### Information Retrieval System

Task: Develop an information retrieval system based on ranked retrieval. The intended system should be based on tf-idf scores and cosine similarities to retrieve ranked indices of documents most relevant to the need. 

Upon querying, the query should be compared to the words of every document based on the mentioned scheme and returns ranked indices most relevant to the query. The 5 most relevant documents should be returned.

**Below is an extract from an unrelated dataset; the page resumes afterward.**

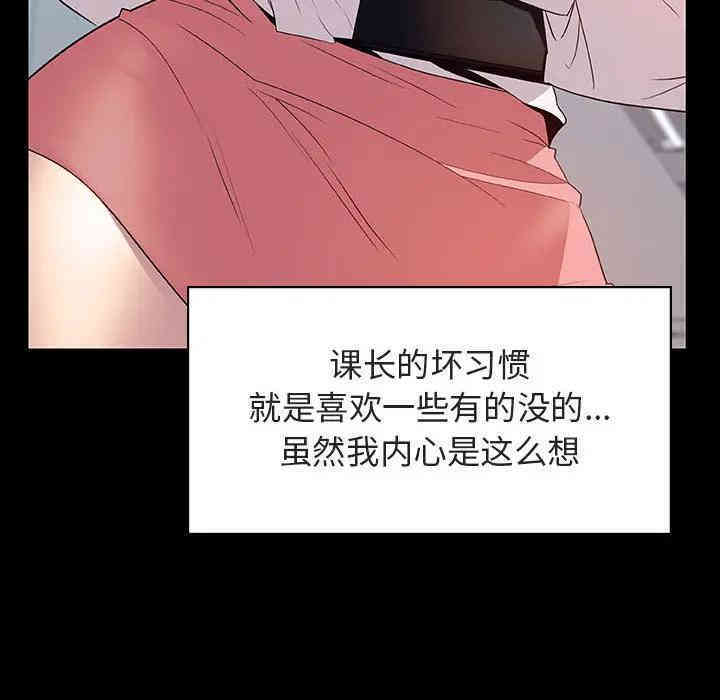 与上司的密约/秘密合约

If there are fewer than 5 relevant documents then only relevant documents should be returned.

- Import necessary modules

In [68]:
import numpy as np
import pandas as pd
import re
import nltk
from nltk.stem import PorterStemmer
from nltk.tokenize import sent_tokenize, word_tokenize
from nltk.corpus import stopwords

- Obtain stopwords list and define stemmer

In [69]:
nltk_stopwords = stopwords.words('english')
ps = PorterStemmer()

print(nltk_stopwords[0:10])

['i', 'me', 'my', 'myself', 'we', 'our', 'ours', 'ourselves', 'you', "you're"]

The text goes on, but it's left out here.